National Assembly of Thailand

In the 1980s, the bicameral parliament, unable to successfully challenge the tradition of bureaucratic dominance over state affairs, was overshadowed by the executive branch. The National Assembly continued to be an instrument of cabinet rule, with its legislative agenda issuing for the most part from the executive branch.


Under the Constitution, the National Assembly was structured to accommodate both the military and civilian bureaucratic elite and the electorate. The influence of the traditionally powerful bureaucracy was channeled through the Senate, whose members were nominated by the prime minister for proforma appointment by the king. Up to 85 percent of the Senate membership in the late 1980s was drawn from the armed forces and the police. The intent of this arrangement was to encourage the military to play its traditional political role through the upper house rather than through a coup or counter-coup.

Senators served a term of six years, and one third of them were retired every two years. Retirees could be reappointed for an unlimited number of terms. A senator was required to be at least thirty-five years of age, a Thai citizen by birth, and not a member of any political party. Other membership qualifications were broadly phrased, including the requirement that appointees have “knowledge and experience in various branches of learning or affairs which will.be useful to the administration of the state.”

House of Representatives members represented the populace. They were elected for a four-year term by direct suffrage and secret ballot at the ratio of a member to each 150,000 inhabitants. Each province (changwat), regardless of population, was entitied to at least one seat. A constituency with a population in excess of 75,000 also qualified for a seat. A candidate had to be at least twenty-five years of age, a Thai citizen by birth, and a member of a political party. As a rule, an election had to be held within sixty days from the expiration of the four-year term of the lower house. When the House was dissolved by royal decree (on the recommendation of the prime minister), a new election was required within ninety days.

The two chambers conducted their business separately under their respective presidents (speakers) and vice presidents, who were chosen from among the membership. Under the Constitution, the president of the Senate was automatically the speaker of the National Assembly and in that capacity was empowered to play a strategic role in the selection of the prime minister.

In the 1980s, lower house members demanded that their president, rather than the president of the upper house, have a decisive role in the process of selecting the prime minister. This policy was necessary, they said, because the House of Representatives, not the military-dominated Senate, collectively represented the will of the electorate. A bill to amend the Constitution to make the lower house speaker the president of the National Assembly was introduced in 1986 but failed to pass.
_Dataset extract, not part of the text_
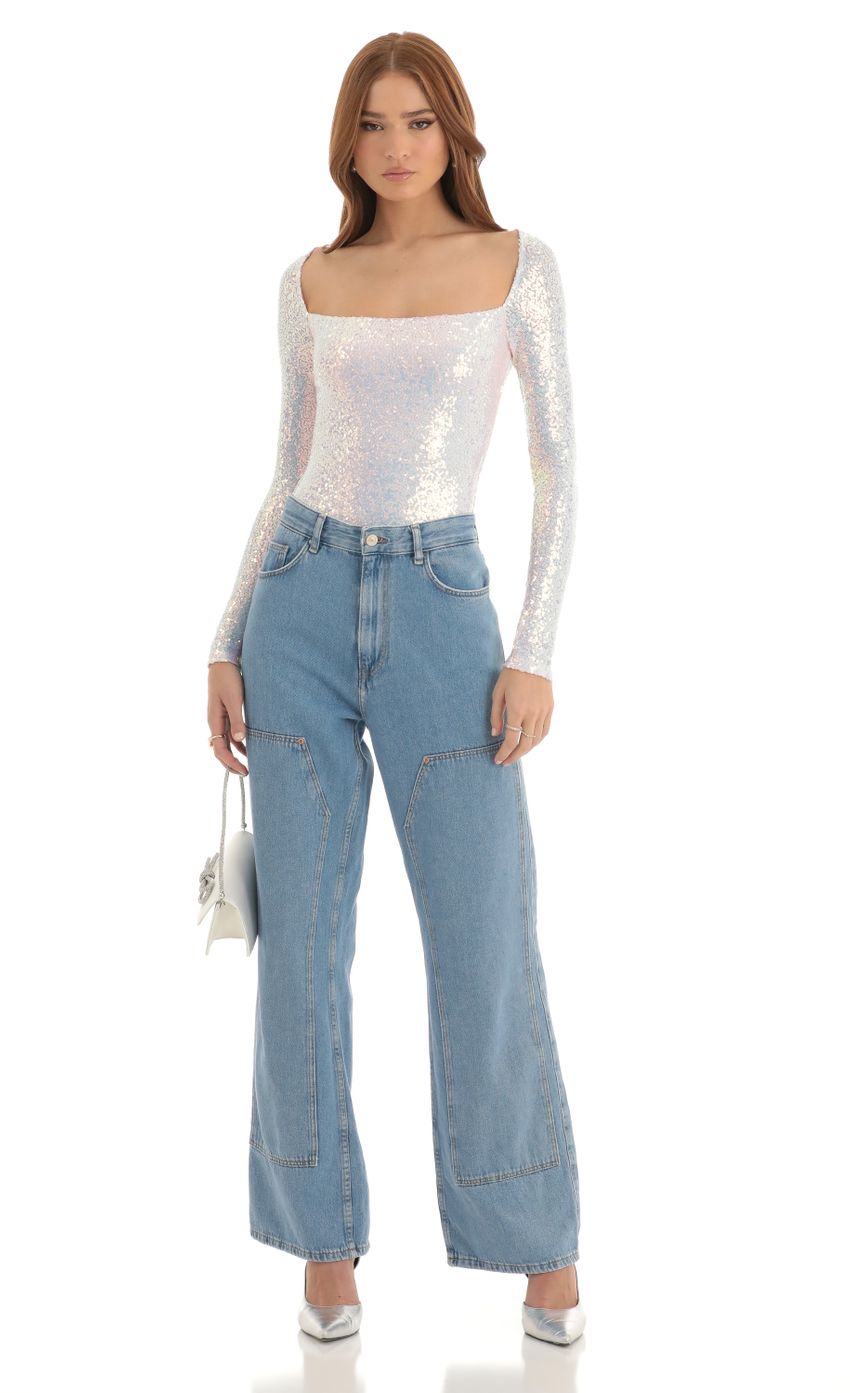 Picture Aislin Iridescent Sequin Long Sleeve Bodysuit in White. Source: https://media.lucyinthesky.com/data/Dec22/850xAUTO/ddf1657a-27bc-4e23-af1b-c58f316baf24.jpg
In 1987 the customary role of the Senate as a major vehicle for the power of the bureaucracy and a counterweight to the elective lower house remained little changed, even though its stature seemed to have diminished somewhat after April 1983. At that time, certain senatorial powers granted under temporary clauses of the Constitution expired despite the army’s efforts to have these clauses extended.
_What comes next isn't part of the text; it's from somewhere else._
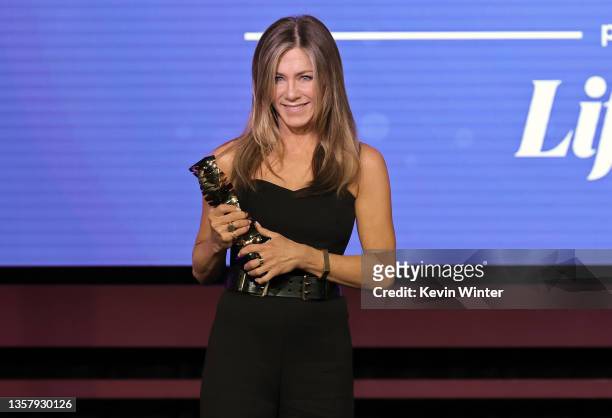Jennifer Aniston accepts the Sherry Lansing Leadership Award onstage at The Hollywood Reporter 2021 Power 100 Women in Entertainment, presented by...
Under these clauses, the Senate had had the power to deliberate jointly with the lower chamber on annual appropriation bills, on “an important bill relating to the security of the Kingdom, the Throne, or the national economy,” and the power to vote on no-confidence motions. The army and its political allies in parliament failed to have the clauses extended because of factious squabbles. If they had succeeded, the military’s political power would have been enhanced greatly.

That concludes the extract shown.